Ground has three main components: the Common Ground metamodel, Underground applications that support Ground, and Aboveground applications that consume data context from Ground. The existing service is composed of the APIs exposed by Common Ground and integrations with some underground services.
At the core of Common Ground is the metamodel, which has its own dedicated wiki page that explains it in much more detail than will be covered here. The one line summary of the model is as follows: A versioned, graph-based data model that treats data lineage as a first class citizen. In addition to the data model, Common Ground exposes a number of APIs to applications that allow them to publish, retrieve, and query their data context.
In order to provide functional data context services, there are 4 main components that Ground relies on.
Scavenging and Ingestion
In order to understand what data is in or added to a data lake, Ground will need to rely on a scavenging service to publish new events. As a first step and proof of concept, we have integrated with LinkedIn’s Gobblin project to be notified of new files added to HDFS. There is still work to be done here, where we would like to be able to notify aboveground or value-add services about new files and have them publish learned data.

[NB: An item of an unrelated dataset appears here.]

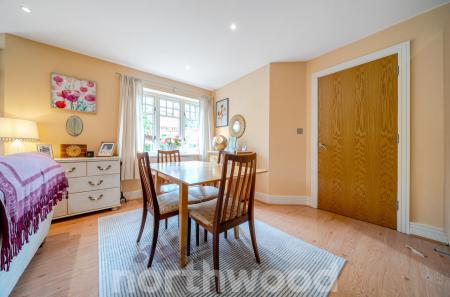 2 bedroom Apartment for sale in Hanbury House, Battenhall Road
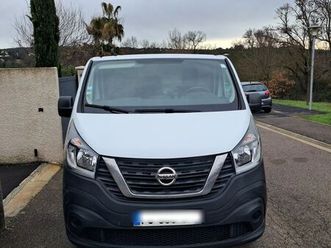vend fourgon nissan nv300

Currently, we have built versioning shims over Postgres, Apache Cassandra, and Neo4j. We are evaluating performance and hope to settle on a recommended backing store soon.
ID & Auth
A data context system like Ground will need to have authentication and API authorization. We currently do not have any integration in this space, but we would like to design a pluggable API that can integrate with LDAP and similar authentication schemes that enterprises commonly use. There is a large space for more work here, including understanding how permissions interact with versioned data.
Search & Query
We currently rely on ElasticSearch to augment query performance and to retrieve tags efficiently. We hope our Query API will evolve as we generalize from a number of use cases, and this component might grow over time.
In the architecture diagram above, we have listed a few applications that we believe would benefit from interfacing with a data context system. This is where you, the user, would build an application that talks to Ground through the Common Ground API. While we do not have any examples or best practices yet, we’re actively working on some and hope to be able to add some links here soon!